Add XContent chunking to SearchResponse by romseygeek · Pull Request #94736 · elastic/elasticsearch

romseygeek · 2023-03-24T14:44:12Z

This commit adds xcontent chunking to SearchResponse and MultiSearchResponse
by making SearchHits implement ChunkedToXContent.

Relates to #89838

elasticsearchmachine · 2023-03-24T14:44:38Z

Pinging @elastic/es-search (Team:Search)

romseygeek · 2023-03-24T14:45:30Z

server/src/main/java/org/elasticsearch/action/search/MultiSearchResponse.java

+        return Iterators.concat(
+            ChunkedToXContentHelper.startObject(),
+            Iterators.single((b, p) -> b.field("took", tookInMillis).startArray(Fields.RESPONSES)),
+            Iterators.flatMap(Arrays.stream(items).iterator(), item -> item.toXContentChunked(params)),


There might be a nicer way to include an array of objects which themselves implement ChunkedToXContent but I couldn't find one

This is fine IMO but there's no need for the intermediate stream:

Suggested change

Iterators.flatMap(Arrays.stream(items).iterator(), item -> item.toXContentChunked(params)),

Iterators.flatMap(Iterators.forArray(items), item -> item.toXContentChunked(params)),

romseygeek · 2023-03-24T14:46:03Z

server/src/main/java/org/elasticsearch/action/search/SearchResponse.java

+        return Iterators.concat(
+            Iterators.single((ToXContent) SearchResponse.this::headerToXContent),
+            Iterators.single(clusters),
+            Iterators.flatMap(Iterators.single(internalResponse), r -> r.toXContentChunked(params))


Similarly I feel there ought to be a nicer way of doing this but I couldn't find one...

I think you're looking for this:

Suggested change

Iterators.flatMap(Iterators.single(internalResponse), r -> r.toXContentChunked(params))

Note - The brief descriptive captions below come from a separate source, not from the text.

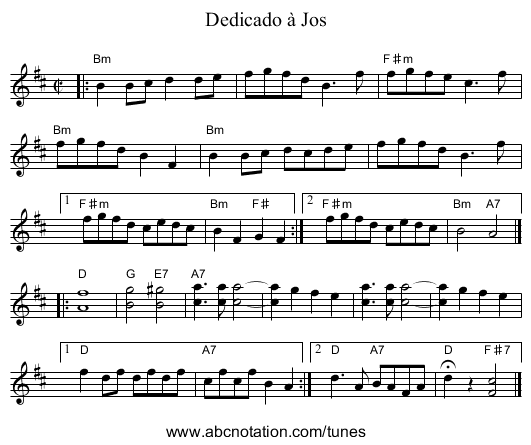 Dedicado à Jos - staff notation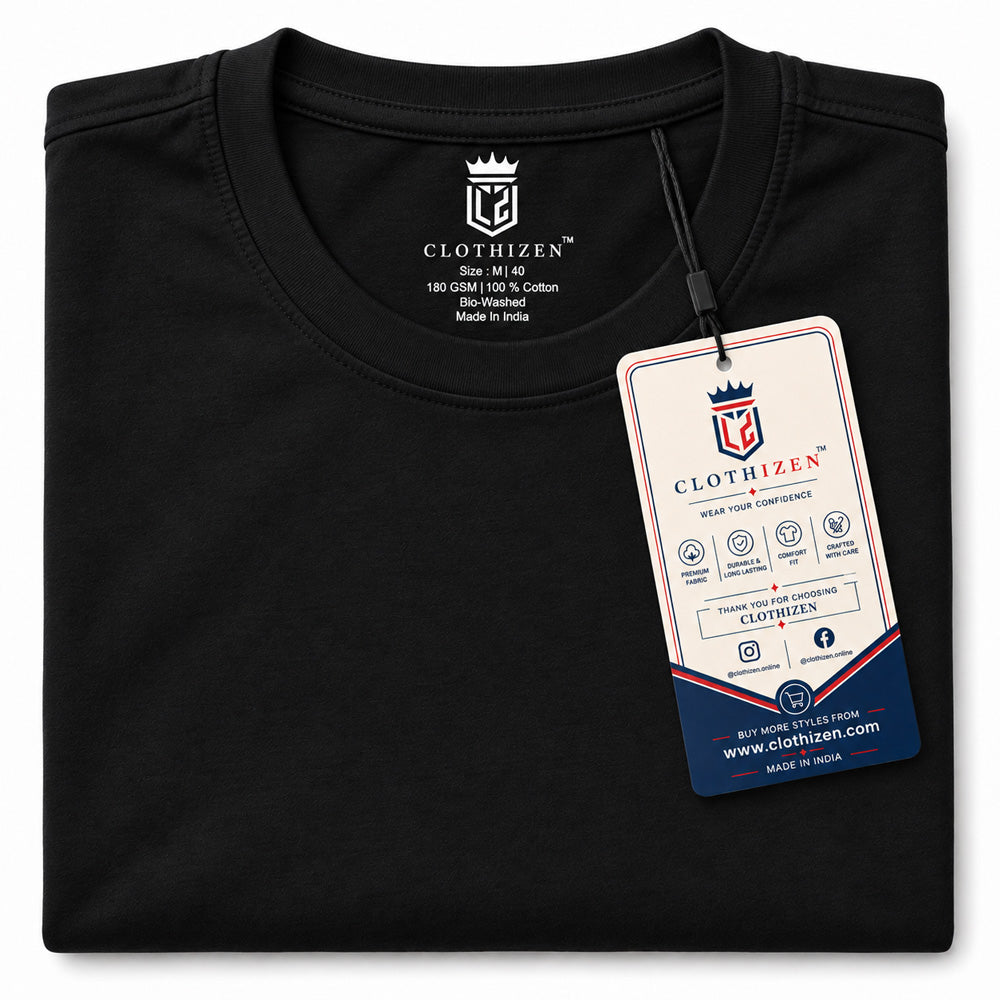 Clothizen Men's Premium 100% Cotton Solid T-Shirt | Black | Round Neck| Half Sleeves | Regular Fit | 180 GSM | Bio-Washed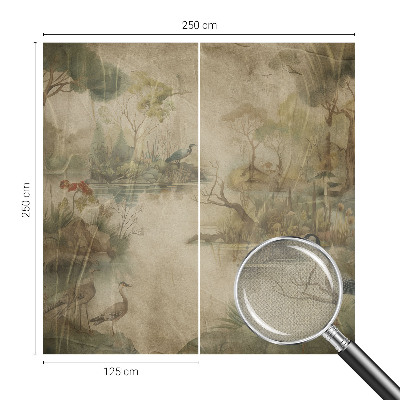Self-adhesive photo wallpaper with a forest scene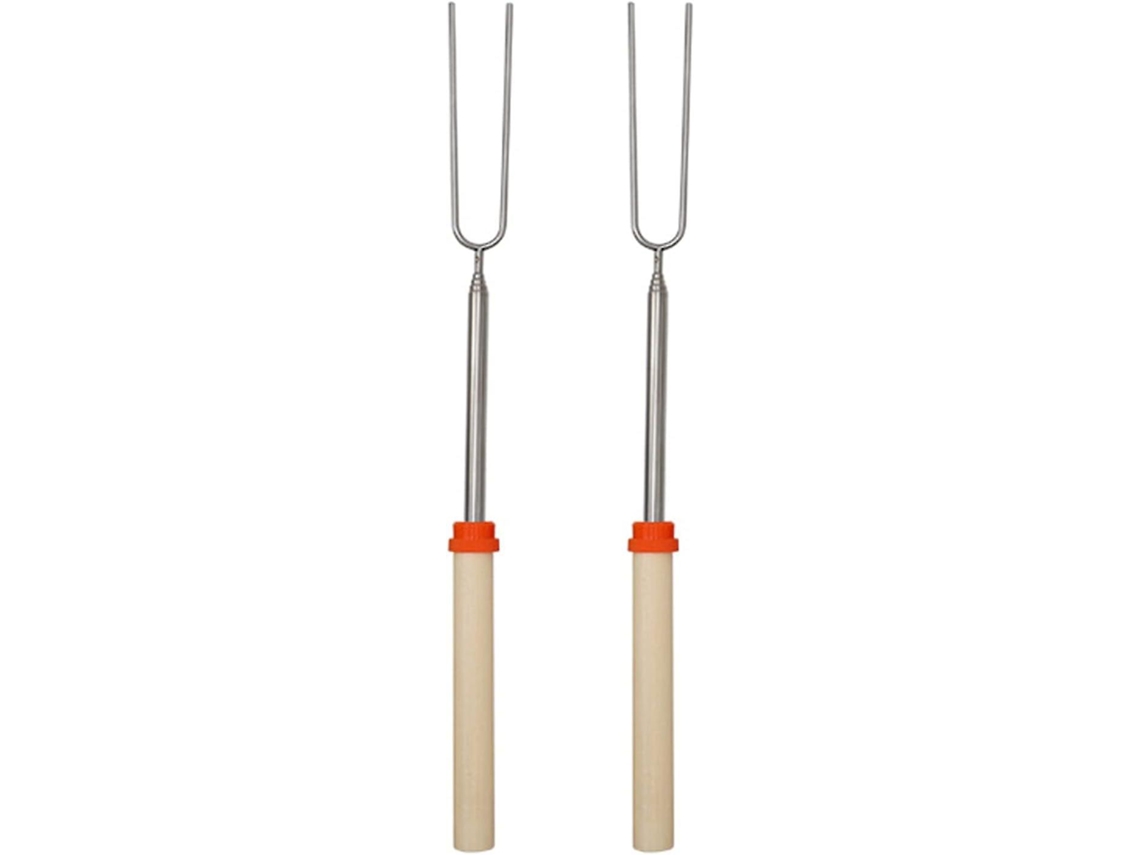 LAOPIPFU Campfire Grill Sticks, Tacos De Assar Aço Inoxidável Extensível Para Assar Marshmallow, Dicas Robustas Resistentes Ao Calor Resistente Ao Calor Para D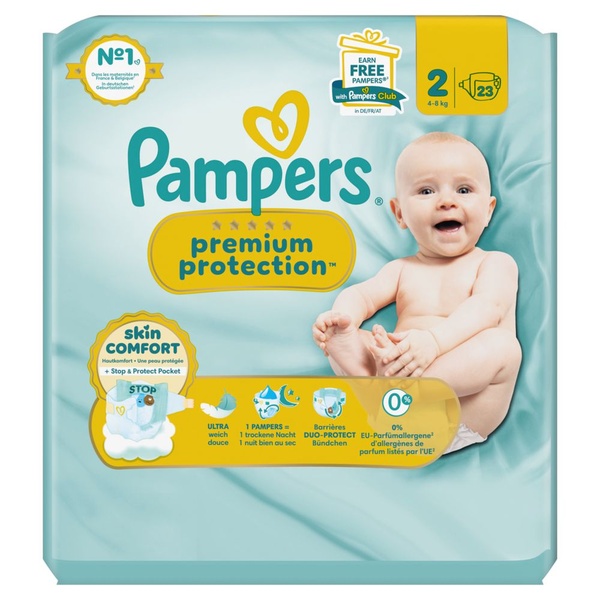 Pampers premium protection maat 2 voorkant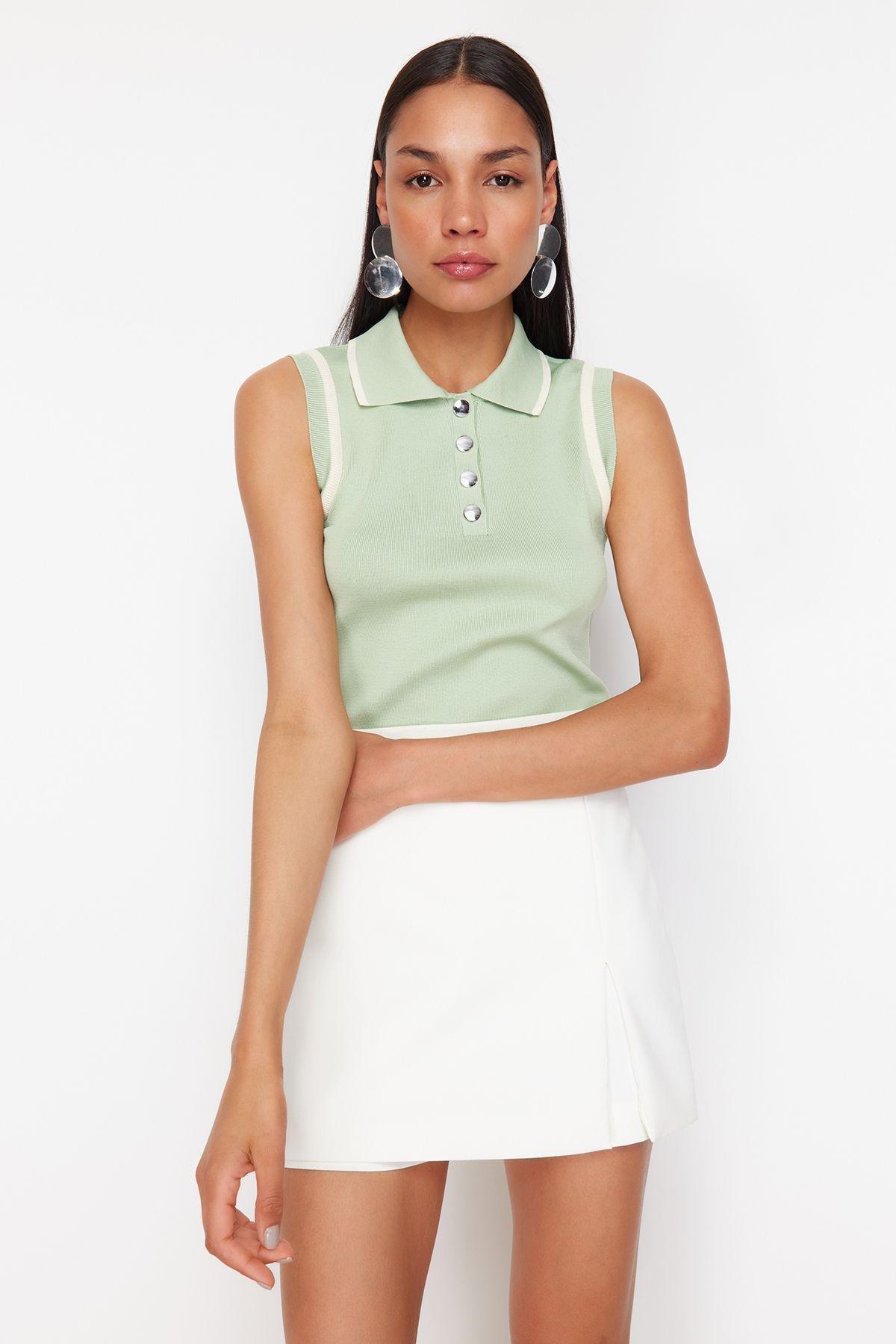 Green Casual Cropped Polo Shirt, , large image number 1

internalResponse.toXContentChunked(params)

romseygeek · 2023-03-24T16:33:52Z

This is an interesting test failure. There's a composite aggs test that checks that we get a specific exception if keys are being formatted in a lossy fashion, and this exception is thrown during xcontent parsing. But with chunking we don't seem to catch exceptions thrown by parsing code, and so we get a 'failure encoding chunk' message instead. Is this something we've already encountered elsewhere or do I need to add some extra error handling here?

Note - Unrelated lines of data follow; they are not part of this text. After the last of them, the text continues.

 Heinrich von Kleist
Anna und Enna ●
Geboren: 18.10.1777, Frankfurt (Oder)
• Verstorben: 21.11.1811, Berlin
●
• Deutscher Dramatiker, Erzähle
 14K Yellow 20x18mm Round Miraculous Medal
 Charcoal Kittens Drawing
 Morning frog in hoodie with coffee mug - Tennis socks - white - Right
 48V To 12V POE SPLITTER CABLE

romseygeek · 2023-03-24T16:50:35Z

For a standard RestToXContentListener errors are handled by the onFailure() method, but we never get there when using the chunked handler.

DaveCTurner · 2023-03-24T17:07:20Z

This is a drawback of the chunked encoding: we have to be sure that the serialization will succeed before we start. Once we start sending chunks to the client we can't change our minds about the response code and return an error.

romseygeek · 2023-03-24T17:10:32Z

It looks as though we have quite a few places (mainly in aggs) that have this late checking. I can work through the tests and try and fix them, but it blocks making any changes here for the moment, unfortunately.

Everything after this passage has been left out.